Deutlich weniger als die Hälfte der Grippeimpfstoffe wurden in der Saison 2021/22 verimpft – trotzdem hält das Bundesgesundheitsministerium (BMG) an einer zusätzlichen Reserve für die kommende Saison fest: Ausgerechnet mit dem GKV-Finanzstabilisierungsgesetz (GKV-FinStG), das von allen Seiten heftige Sparbeiträge einfordert und heute zur ersten Lesung im Bundestag ist, soll ein zusätzliches Ausgabenvolumen von bis 75 Millionen Euro beschlossen werden.

Mit dem GKV-FinStG wird – wie in den beiden Vorjahren – eine zusätzliche Reserve bei Grippeimpfstoffen in Höhe von 30 Prozent eingeplant. Nach der bisherigen Regelung in § 132e Sozialgesetzbuch (SGB V) war dieser Umfang nur für die Jahre 2020 und 2021 vorgesehen und hätte danach eigentlich wieder auf 10 Prozent sinken sollen. Eine entsprechende Regelung findet sich auch in § 106b zur Wirtschaftlichkeit von Bestellungen seitens der Ärztinnen und Ärzte.

„Die Abschätzung des tatsächlichen Bedarfs an Grippeimpfstoff für die Grippesaison 2022/2023 ist aufgrund der Covid-19-Pandemie erheblich erschwert“, heißt es zur Begründung. Die Mehrausgaben für die Impfstoffe beziffert der Entwurf auf bis zu 50 Millionen Euro einschließlich Mehrwertsteuer, die Mehrausgaben für die ärztliche Vergütung auf bis zu 25 Millionen Euro. Allerdings ist die gesetzliche Regelung eher als Klarstellung zu verstehen: Die Grippeimpfstoffe wurden längst bestellt, produziert und zum Teil auch ausgeliefert.

Impfquote wie vor Corona

Aber inwiefern macht es Sinn, zusätzliche Mittel für Impfstoffe bereit zu stellen, die voraussichtlich gar nicht verimpft werden können? Zahlen der Techniker Krankenkasse (TK) und des GKV-Spitzenverbands deuten darauf hin, dass in der vergangenen Saison nur 13 bis 14 Millionen Grippeimpfungen durchgeführt wurden, also deutlich weniger als die Hälfte der 36 Millionen bestellten Dosen verimpft wurden. Mit anderen Worten: Die Zahl der Impfungen und damit die Impfquote liegt in etwa auf dem Niveau vor der Pandemie.

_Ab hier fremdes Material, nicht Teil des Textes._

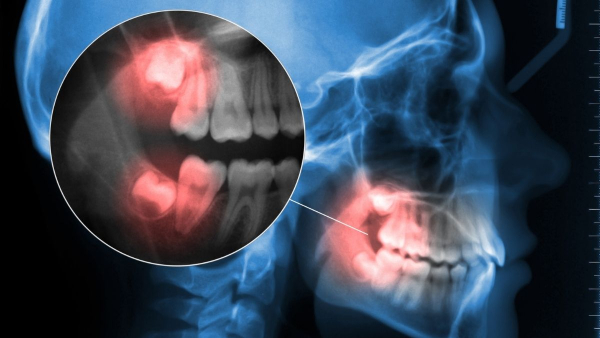 myths-and-facts-about-wisdom-teeth myths-and-facts-about-wisdom-teeth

Zu den in der vergangenen Saison tatsächlich verimpften Dosen hat man im Ministerium offenbar noch eine Informationen: „Dem BMG liegen zur vergangenen Grippeimpfsaison keine Angaben zu verimpften Dosen an Grippeimpfstoffen vor“, so eine Sprecherin. Es sei „ausreichend Impfstoff für die Versorgung der Bevölkerung“ vorhanden gewesen – auch weil der Bund ergänzend zu den Bestellungen durch die Ärzteschaft eine zusätzliche „Reserve“ beschafft habe.

Keine Kosten für den Bund

Vor dem Hintergrund der Grippeimpfstoffversorgung in der letzten Grippeimpfsaison habe man aber davon abgesehen, für die aktuelle Grippeimpfschutzsaison eine zusätzliche „Bundesreserve“ zu beschaffen. „Insofern fallen für den Bund keine Kosten einer Beschaffung an.“ Der Entwurf sehe lediglich vor, dass auf Grund der anhaltenden Sars-CoV-2-Pandemie für die Bestellung von Grippeimpfstoffen auch in der kommenden Saison der vom Paul-Ehrlich-Institut (PEI) zu berücksichtigende erhöhte „Sicherheitszuschlag“ von 30 Prozent einkalkuliert werde. Und diesen müssen bei Abruf die Kassen zahlen – oder die Apotheken, wenn sie zu viel bestellen und darauf sitzen bleiben.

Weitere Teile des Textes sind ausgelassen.